For me, though, it’s a chance to remember how much I basically agree with our pal Freddy. Wilfully oversimplifying the whole thing, I should say there are basically four key ideas in the Genealogy.
1. Human beings, which is to say persons, are fundamentally social creatures.
We are who we are in relation to others and who we are is dependent upon them. Sometimes these relationships are constructive and creative, sometimes they are hostile and destructive. We all know where Nietzsche put the emphasis, but in either case those relations are the essence of our humanity or lack thereof.
2. Who and what we are depends to a considerable degree on our mythologies, on the stories we tell about who we are.
Myths about good and bad, myths about where we come from and where we’re going, myths about what it all means and, perhaps most importantly, the wellspring of our humanity; all vital things these.
3. Morality is the essence our humanity or “personhood”. We only become human when moral thinking sets foot on the stage.
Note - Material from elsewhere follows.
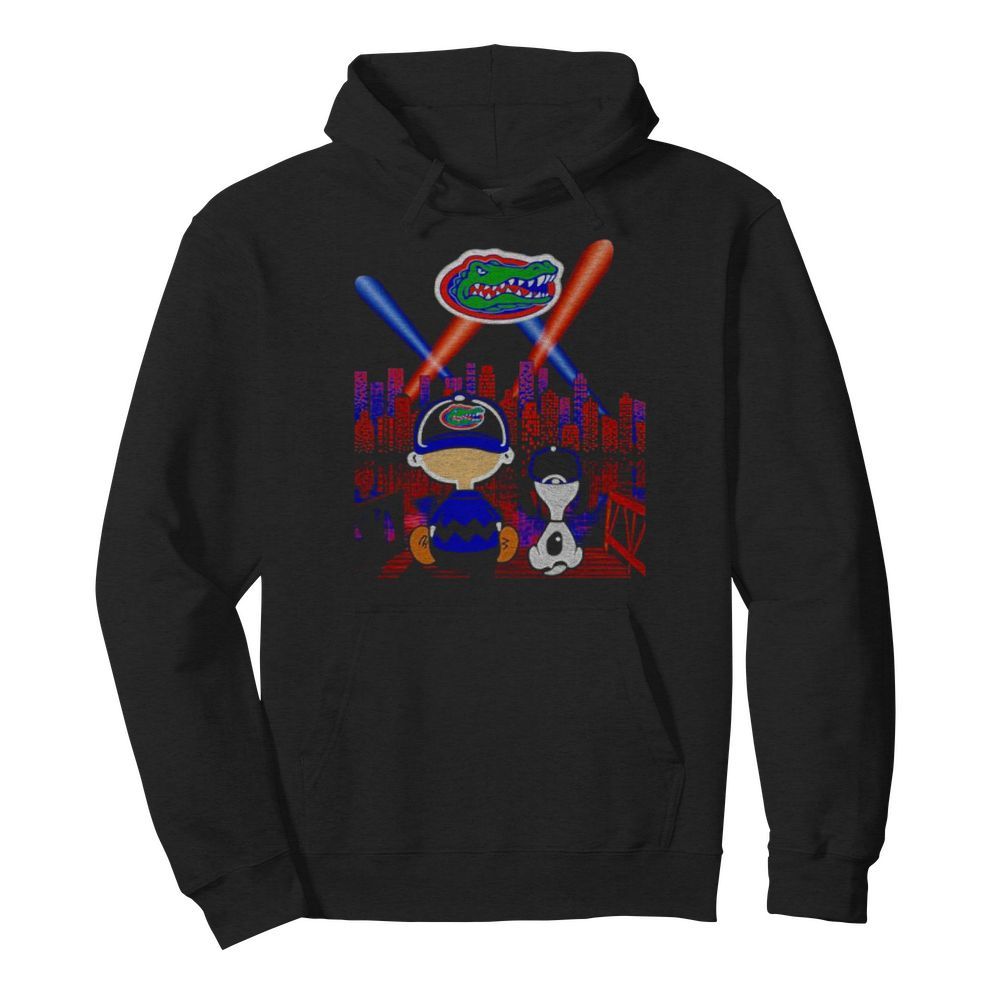 Charlie Brown And Snoopy Florida Gators City By Night  Unisex Hoodie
I would add religion in here too, but morality will suffice for the time being.
Morality (and religion) is the internalising of the other: their appropriation of us and ours of them; it’s inception of the inner life of persons (which I think was Feuerbach’s phrase, more or less) and so the birth of our humanity.
4. Humanity, “personhood”, is essentially aspirational, upwardly oriented, self-transcending and whatnot.
Up we go, towards a higher archetype, an analogy for our better selves, the mirror of our hearts: messiah, superman, or post-human, AI-enhanced, super-cyborg, it all comes to the same thing.

That’s an awful lot of essences, I know, but in reality they all come together into one because myth, morality, and self-transcendence are all functions or extensions of an essentially social self. 

Obviously, Nietzsche took a rather dim view of all this and I can’t really blame him, given the state our species has got itself into. And things seem to have got considerably worse since the Genealogy was published in 1887. It is, perhaps, not a great surprise to find Nietzsche railing against the emergence of the human conscience. Given everything that conscience has achieved during the 20th Century and is still achieving now, it’s difficult not to be just the tiniest bit pessimistic about our species. Yes, it’s no wonder really that Nietzsche was
5. Not, as the saying goes, a happy bunny.

Still, at least the marking is finished for another year. 



[1] George Eliot, Adam Bede. Hertfordshire: Wordsworth Editions Ltd, 1997.